De conservation facile, elle assure pendant l'hiver une
masse fourragère considérable, et elle permet l'alimentation régulière et
assurée des bovins et plus particulièrement des vaches laitières. C'est un
aliment aqueux : 85 à 87 p. 100 d'eau, mais cet inconvénient n'est
peut-être pas aussi grand qu'il le paraît d'abord, car, pendant la période
hivernale qui est celle de sa distribution, on ne saurait nourrir uniquement
avec du sec ; l'eau apportée par la boisson ne joue pas physiologiquement le
même rôle que celle qui fait partie intégrante de l'aliment.
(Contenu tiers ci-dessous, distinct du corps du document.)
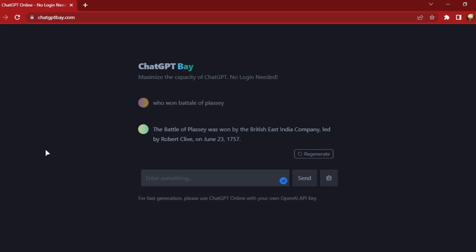And you can also ask coding related questions. It will answer them all as it uses the original ChatGPT API underneath.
Relativement riche en sucre, ce qui lui assure une valeur
énergétique certaine et lui permet un début de fermentation lors de son mélange
avec les menues pailles, la betterave n'est pas un aliment froid. L'animal n'a
pas de calories à dépenser pour le réchauffer. Elle est, par contre, pauvre en
protides, encore qu'une incertitude reste quant à sa teneur exacte en cet
élément. Une part importante de ses éléments azotés serait sous forme non protidique.
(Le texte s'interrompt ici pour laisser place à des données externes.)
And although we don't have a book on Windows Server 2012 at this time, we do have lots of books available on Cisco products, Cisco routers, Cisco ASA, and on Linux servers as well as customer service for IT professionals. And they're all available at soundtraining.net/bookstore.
Quoi qu'il en soit, une ration à base de betteraves fourragères a besoin d'être
complétée et équilibrée par un apport d'aliments riches en protides :
tourteaux ou féveroles par exemple. Les tourteaux d'arachide en tiennent de 40
à 50 p. 100, ceux de lin ou de colza 35 p. 100, la féverole arrive à
25 p. 100. Elle a cet avantage appréciable d'être produite à la ferme où
elle est, comme la betterave, cultivée en plante sarclée. Elle ne convient pas
à toutes les terres, mais dans les sols argilo-calcaires un peu lourds, elle
donne des résultats fort intéressants.
On distingue généralement les betteraves fourragères et les
betteraves dites demi-sucrières. Dans le premier groupe, on trouve les
Disettes, la Mammouth, l'Eckendorf, la Jaune ovoïde des Barres ; dans le
second, les Géantes demi-sucrières, roses, rouges ou blanches, plus riches en
sucre. En fait, la différence est subtile et la valeur alimentaire des unes et
des autres n'est pas très différente. Un gros progrès reste à accomplir, qui
est certainement possible. Il ne serait pas sans inconvénients de substituer la
betterave sucrière ou même la betterave dite de « distillerie » à la
fourragère, car bien des animaux n'acceptent que difficilement les racines trop
fermes, mais un juste milieu reste possible. Une difficulté réside toutefois
dans le mode de reproduction de la betterave, qui est à fécondation croisée, ce
qui gêne considérablement les travaux de sélection. Ceux-ci sont coûteux, ce
qui relève le prix de la semence, élément fâcheux pour une plante dont la
production n'est pas destinée à la vente. Un autre facteur défavorable
intervient encore, c'est la réduction de format des racines au fur et à mesure
qu'augmente la teneur en sucre ; le temps n'est pas si loin où on donnait
à admirer au public les betteraves les plus volumineuses !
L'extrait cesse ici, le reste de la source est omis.